Os ganhos para Netanyahu não são meramente eleitorais. Ao concordar em desistir da anexação – que muitos observadores consideraram uma ameaça vazia, de toda forma – ele foi generosamente recompensado, embora a Cisjordânia continue ocupada e os palestinos ainda não tenham seus direitos básicos reconhecidos. Netanyahu é o homem que cutuca seu bolso e então espera um prêmio por concordar em não bater na sua cabeça. Os EAU entregaram a ele esse prêmio. Como alguém no Oriente Médio brinca: “Da próxima vez ele deve ameaçar anexar a Jordânia – assim ele conseguirá um tratado de paz com a Arábia Saudita.”

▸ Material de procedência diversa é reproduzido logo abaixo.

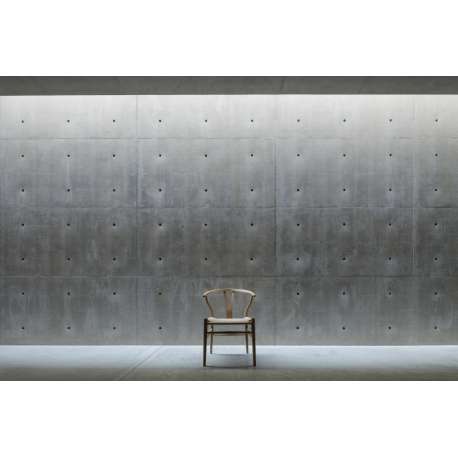 CH24 Wishbone Chair - Carl Hansen & Son - Hans Wegner - Home - Furniture by Designcollectors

Não é brincadeira: os EAU podem muito bem estar pilotando um balão de ensaio para os sauditas, já que Riad monitora a reação global a esta etapa. Por enquanto, os Emirados estão saudando uma vitória diplomática, na esperança de colher o prestígio de ter sido “o primeiro a se mover”, como um funcionário dos EAU disse. Eles também protegeram suas apostas nos EUA para novembro: ou aumentaram Trump, e ele ficará em dívida com eles, ou fizeram uma jogada que provavelmente ganhará o favor da equipe Biden e dos partidários do processo de paz que o cercam. “MBZ acaba de fechar sua apólice de seguro”, diz um observador de longa data.

Para MBZ, uma aliança com Israel faz muito sentido. Há uma lógica estratégica óbvia que há muito tempo faz com que os Estados sunitas do Golfo estejam dispostos a se aproximar de Israel: a saber, seu medo e aversão comuns ao Irã xiita. É o que tem alimentado uma cooperação discreta com Israel, especialmente em questões de inteligência, por vários anos. No período em que o Irã perseguia ruidosamente suas ambições nucleares, os Estados do Golfo passaram a ver o inimigo de seu inimigo – Israel – como um amigo em potencial.

Mas há um cálculo mais restrito também. O fim da anexação é um alívio para governantes autoritários como MBZ: esta poderia ter desencadeado um movimento palestino por direitos iguais, cuja mensagem poderia ter se espalhado por toda a região, talvez – quem sabe – incendiando os próprios súditos do MBZ. Melhor para ele se o incêndio for apagado.

Isso leva àqueles que estão visivelmente ausentes dessa lista de vencedores: os palestinos. Ao longo de sua história, eles viram seu destino ser determinado por outros, graças a decisões tomadas sem seu conhecimento, quanto mais consentimento. E agora aconteceu de novo.

Por muitas décadas, o mundo árabe insistiu que não poderia haver normalização, nem paz com Israel sem alguma medida de justiça para os palestinos. Quando o Egito e Israel chegaram a um acordo em 1978, não foi prometido muito aos palestinos, embora houvesse algo; o acordo com a Jordânia em 1994 foi mais longe, incluindo compromissos substanciais baseados no envolvimento direto dos palestinos. Agora, os EAU abandonaram completamente os palestinos.

Com este acordo, sinalizou que Israel pode permanecer um ocupante, fechando a possibilidade de autodeterminação palestina e ainda ganhar aceitação regional. O resultado é que a própria ocupação foi normalizada, com o selo de aprovação árabe. Não é de admirar que o veterano ativista palestino Hanan Ashrawi acusou a MBZ de “trair” seu povo, enquanto o presidente palestino Mahmoud Abbas chamou o acordo do príncipe herdeiro com Israel de uma “traição à causa palestina”. Abbas convocou uma reunião de emergência dos líderes palestinos e retirou seu embaixador dos EAU, mas ambas as medidas serviram principalmente para mostrar o quão pouco ele pode fazer.

Os israelenses vão se deliciar com esta abertura, com sua promessa de embaixadas em cada capital, voos diretos entre elas e tudo o que parece simbolizar: a aceitação no Oriente Médio foi um objetivo da geração fundadora de Israel. Mas a aceitação real requer mais do que a assinatura de um ditador em um tratado. Significa fazer a paz com os povos da região, e não com os tiranos que os governam – e fazer a paz com um povo em particular, o povo fadado a compartilhar a mesma terra. Esse prêmio será muito mais difícil de alcançar, mas é o que importa.